US 12,248,938 B2
Systems and methods for blockchain based identity assurance and risk management
Agasthya P. Narendranathan, San Ramon, CA (US); and James M. Dzierzanowski, Gilbert, AZ (US)
Assigned to NEUROSYMBOLIC AI-IP, LLC, Gilbert, AZ (US)
Filed by NEUROSYMBOLIC AI-IP, LLC, Gilbert, AZ (US)
Filed on Mar. 14, 2022, as Appl. No. 17/693,766.
Application 17/693,766 is a continuation of application No. 16/846,677, filed on Apr. 13, 2020, granted, now 11,321,718.
Application 16/846,677 is a continuation of application No. 16/037,986, filed on Jul. 17, 2018, abandoned.
Claims priority of provisional application 62/533,241, filed on Jul. 17, 2017.
Claims priority of provisional application 62/641,905, filed on Mar. 12, 2018.
Prior Publication US 2022/0198458 A1, Jun. 23, 2022
This patent is subject to a terminal disclaimer.
Int. Cl. G06F 21/60 (2013.01); G06F 21/62 (2013.01); G06Q 20/40 (2012.01); H04L 9/00 (2022.01)

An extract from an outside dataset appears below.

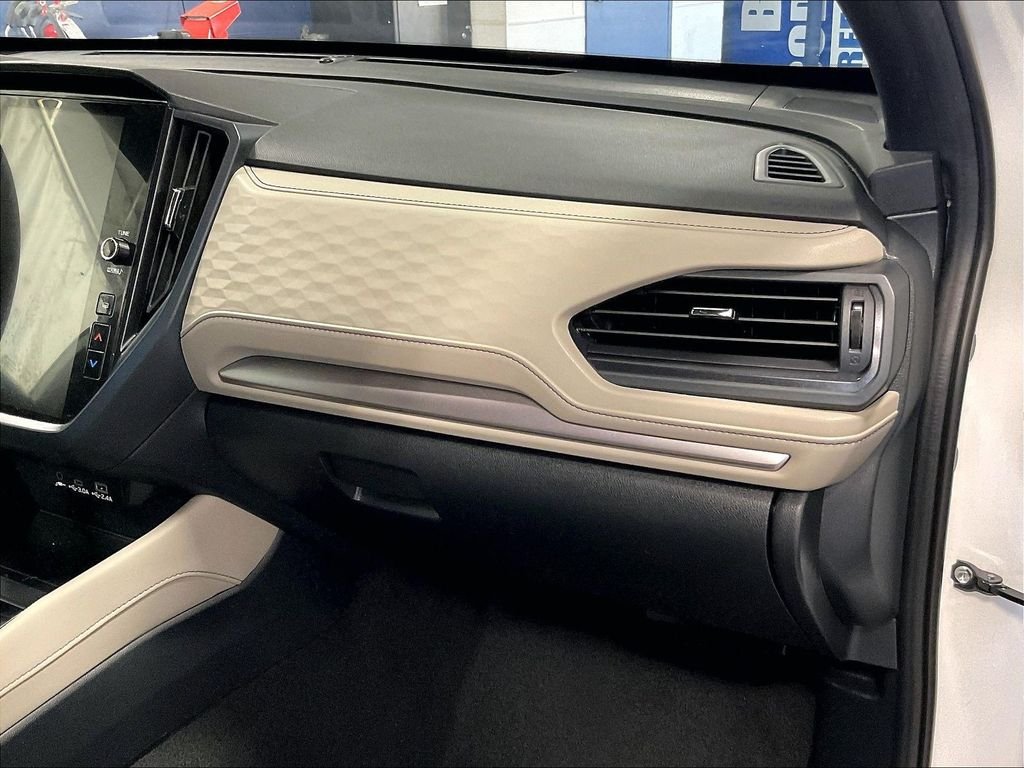 Used 2025 White Subaru Premium image 13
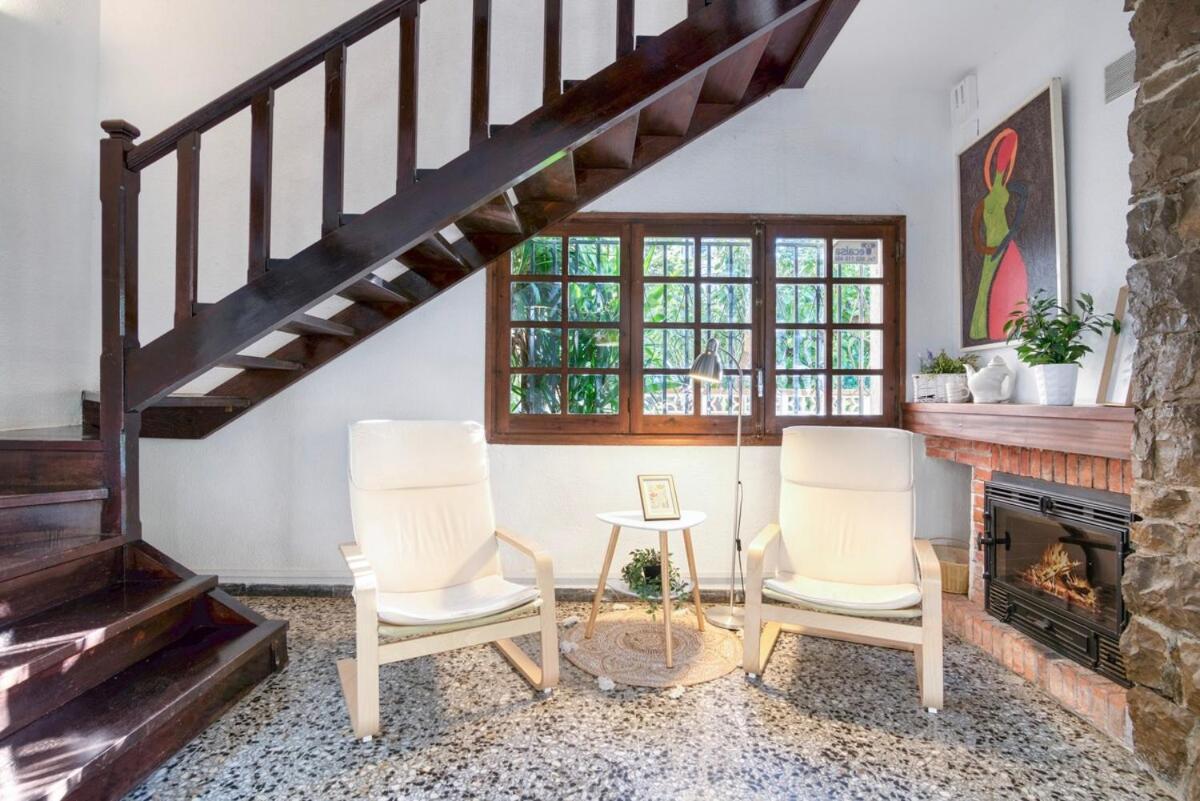 Family With Private Pool & - Bbq - Wifi - Ac * Salou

CPC G06Q 20/4016 (2013.01) [G06F 21/602 (2013.01); G06F 21/6245 (2013.01); H04L 9/50 (2022.05)] 20 Claims
OG exemplary drawing
 
1. A method comprising:
receiving, by a processor, a first identity attribute;
determining, by the processor, a corresponding first Level of Assurance (LOA) based on the first identity attribute and a first attribute history;
receiving, by the processor, a second identity attribute;
determining, by the processor, a corresponding second LOA based on the second identity attribute and a second attribute history;
defining, by the processor, a Self-Sovereign Identity (SSI) based on the first identity attribute, the second identity attribute, the first LOA, and the second LOA;
receiving, by the processor, raw data comprising at least one of internet protocol data, device fingerprint data, browser fingerprint data, unique user data, session ID data, local time, remote time, or transaction data;
applying, by the processor, predictive modeling techniques to the raw data;
generating, by the processor, a predictive data set based on the applied predictive modeling techniques;
determining, by the processor, a threshold for a threshold based action, based on a machine learning technique applied to the predictive data set and feedback inputs including at the least one of the internet protocol data, the device fingerprint data, the browser fingerprint data, the unique user data, the session ID data, the local time, the remote time, or the transaction data; and
performing, by the processor, the threshold based action, wherein the threshold based action includes at least one of an alert, a challenge, a block, or a lock.